In 1636 when John Alexander and Thomas Roberts appeared before the Puritan New England court, homosexual acts were called sodomy and were punishable by death. It's interesting to note, however, that the court record does not use the word sodomy in regard to these two. In their book "The Times of Their Lives," James and Patrica Deetz note that the governing officials of Plymouth rarely implemented the death penalty, which the authors attribute to their fear of overstepping their authority with England given that they had no charter.
John Alexander's punishment -- being whipped, branded with a hot iron and banished -- was severe enough. Branding was a fairly common punishment used for thieves (branded with a "T"), killers ("M" for manslaughter), and rogues ("R" for, well... rogue). I've sketched out a branding iron with an "S" for "Sodomite."

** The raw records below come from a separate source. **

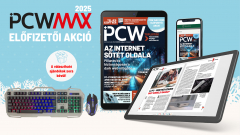 White Shark Apache-2 gamer csomag – ez a két periféria nem hagy cserben a virtuális csatatéren kép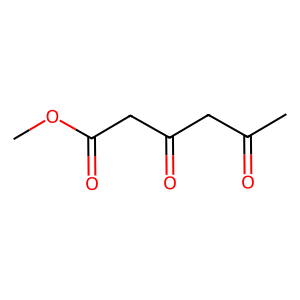 CAS: 29736-80-9 | OR95105 | Methyl 3,5-dioxohexanoate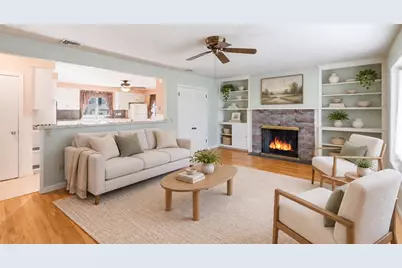 23 Penrose Street, North Providence, RI 02911 - Photo 9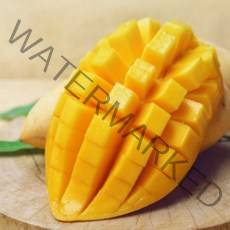 항공직수입 망고 고당도 태국망고 애플망고 무지개망고 인도망고 혼합, 프리미엄 태국망고, 태국망고 4~6과 2kg내외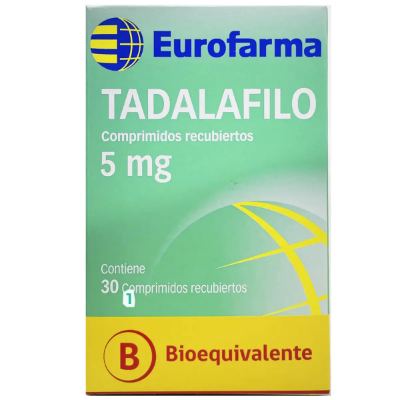 tadalafilo-5-mg-x-30-comprimidos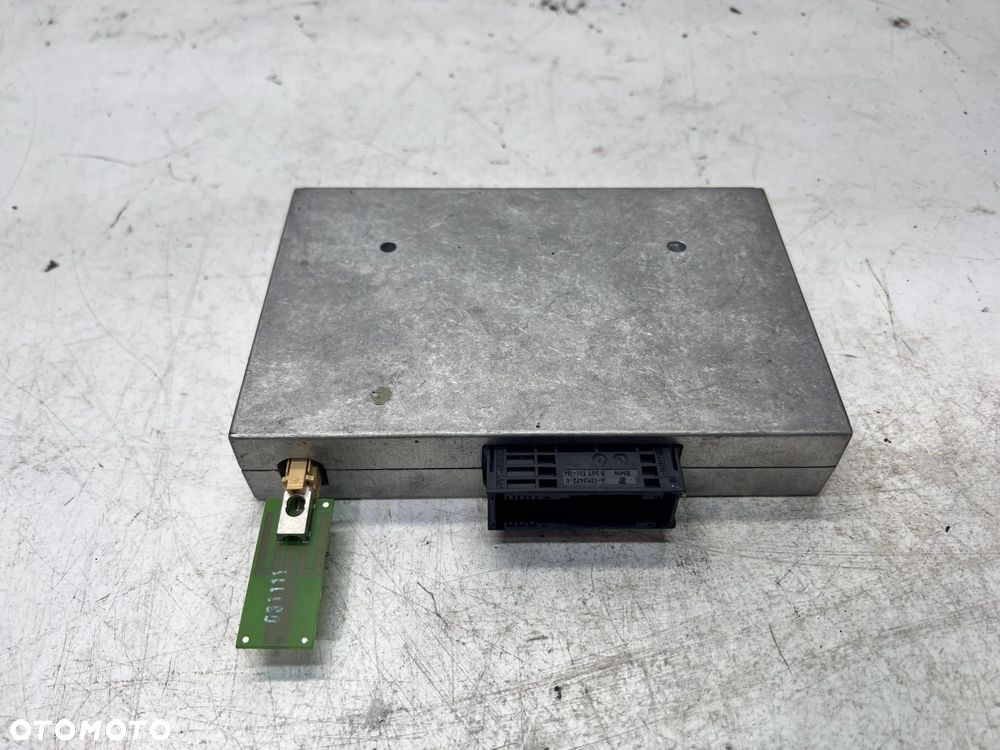 MODUŁ BLUETOOTH AUDI A3 8P 8P1862335 8P1862335A - 2
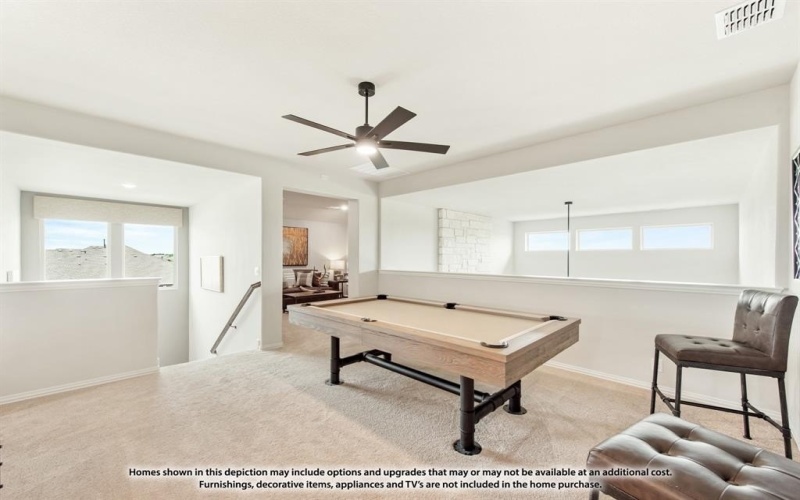 26 Osprey Street, Joshua, TX 76058, 4 Bedrooms Bedrooms, ,3 BathroomsBathrooms,Residential,For Sale,26 Osprey Street,20970962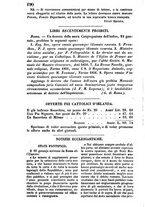 giornale/TO00174415/1852/T.7/00000196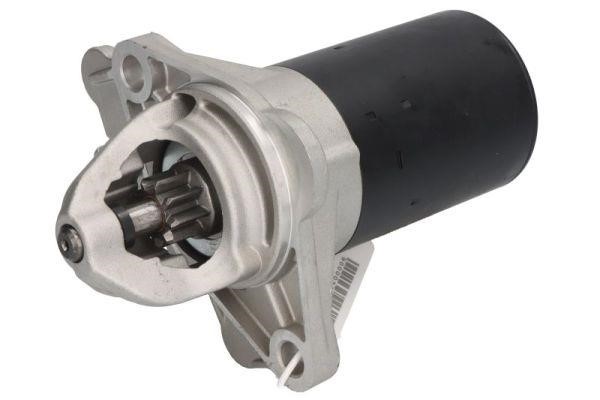 STX200585R STARDAX Starter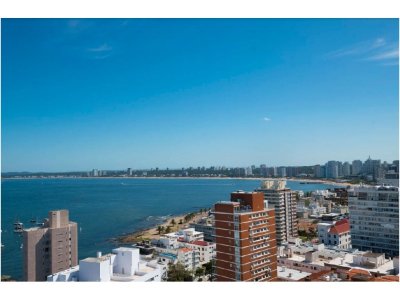 Apartamento ID.1446/Apartamento-en-Peninsula,- - Apartamento en Peninsula,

Thomas Roberts received the lighter sentence of being whipped and returned to his "master." This indicates that Roberts was an indentured servant, under contract to an employer for a fixed period of time in exchange for transportation, food, lodging etc. Since Roberts "belonged" to someone, the court was probably unwilling to interfere with his master's property rights.
Sodomy was illegal in most U.S. states until the 1960s when some states began to decriminalize it. Yet it was only 7 years ago that a Supreme Court ruling called Lawrence v. Texas struck down sodomy laws nationwide, ruling that private sexual conduct is protected by the liberty rights implicit in the due process clause of the United States Constitution.
The 2003 Lawrence v. Texas decision is what prompted Lynn and me to get engaged 12 years into our relationship. She got me a ring with a tiny diamond. We wanted to declare our intention to be married.
I didn't think it would happen in our lifetime.